L'acte précise que l'époux de la défunte, Nicolas Dubois, est absent. Pourtant on voit bien sa signature au bas de l'acte, même s'il n'est pas cité comme témoin dans le texte. Il faut sans doute en déduire que, prévenu du décès de son épouse, il s'est déplacé pour assister à son inhumation, qui à eu lieu deux jours après le décès. Mais il n'était clairement pas présent au domicile conjugal au moment où son épouse est morte.
On comprend mieux la formulation de cet acte lorsque on retrouve la trace de Nicolas Dubois à Chaumontel.
Contrairement à Fleurines, Chaumontel n'est pas dans l'Oise, mais dans la Val d'Oise même si les deux localités ne sont distantes que d'une trentaine de kilomètres. Voici l'acte où il est question de Nicolas Dubois :
Aujourd'hui deuxième jour d'avril 1782 à été par moi
soussigné baptisé un fils, né de ce jour ?? d'elisabeth
pincemaille et des œuvres de nicolas dubois carrier en grès
ledit dubois originaire de fleurines, vivant depuis environ dix huit
mois dans cette paroisse avec ladite mère de l'enfant lequel
a été nommé rose augustin par mr augustin boullet
cuisinier de mr Bouillard de Bertinval, assisté de
rose marguerite lamar gouvernante dans la même maison
tous de cette paroisse qui ont signé avec nous présence des
soussignés
Le curé n'utilise pas en rédigeant cet acte la formule habituelle, "né du légitime mariage de..." mais mentionne les "œuvres de nicolas dubois" ce qui indique clairement que si les géniteurs du nouveau né ne sont pas mariés, ils ne font pas mystère de leur relation.
L'histoire se répète un peu plus de trois en plus tard, avec quelques variantes qui ont leur importance :
L'an mil sept cent quatre vingt cinq le vingt cinq du mois
de novembre est né et le vingt six a été baptisé par moi
curé soussigné jean henry, fils de nicolas dubois
manouvrier à avilly et de marie elisabeth
pincemaille son épouse le parrain a été jean henry
harlet qui a signé avec nous et la marraine marie marguerite
victoire ? qui a déclaré ne savoir signer
Le couple s'est déplacé dans l'Oise vit dorénavant à Avilly, où Avilly Saint Léonard pour donner le nom complet.
Ce village se situe à peu près à mi-chemin entre Fleurines et Chaumontel.
Dans cet acte le curé cite Marie Elisabeth Pincemaille comme épouse de Nicolas Dubois.

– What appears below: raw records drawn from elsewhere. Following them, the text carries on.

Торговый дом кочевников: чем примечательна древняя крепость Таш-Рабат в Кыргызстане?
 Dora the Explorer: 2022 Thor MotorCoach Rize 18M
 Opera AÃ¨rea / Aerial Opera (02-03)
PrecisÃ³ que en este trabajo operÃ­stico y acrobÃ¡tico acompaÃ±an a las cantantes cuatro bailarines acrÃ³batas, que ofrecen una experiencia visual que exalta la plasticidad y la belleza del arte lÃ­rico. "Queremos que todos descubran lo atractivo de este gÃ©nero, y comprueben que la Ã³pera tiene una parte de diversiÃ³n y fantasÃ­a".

Il semble donc qu'il ignore la situation réelle du couple. Les intéressés se sont apparemment bien gardés de la lui révéler.
A trois autre reprise, le curé Blanquet qui officie à Avilly Saint Léonard va réutiliser la même formule d'épouse pour qualifier Marie Elisabeth Pincemaille, lors du décès de Jean Henry, le douze septembre mil sept cent quatre vingt sept, le vingt six septembre mil sept cent quatre vingt sept à la naissance de Louise Adélaïde et le deux septembre mil sept cent quatre vingt neuf à la naissance de Pierre Marie. C'est seulement le premier août mil sept cent quatre vingt douze que la rédaction de l'acte de naissance de Noel laisse penser qu'il a connaissance de la situation de Nicolas Dubois :
L'an mil sept cent quatre vingt douze le vpremier du mois d'août est
né et le second a été baptisé par moi curé soussigné noel, fils
de nicolas dubois et naturel de marie elisabeth pincemaille
demeurant à avilly le parrain a été noel nicolas leblond
entrepreneur des ponts et chaussées résidant à senlis soussigné et la
marraine a été marie louis françoise noel de senlis qui a déclaré
ne savoir signer.
En effet, enfant naturel est le terme consacré à cette époque pour qualifier les naissances hors mariage.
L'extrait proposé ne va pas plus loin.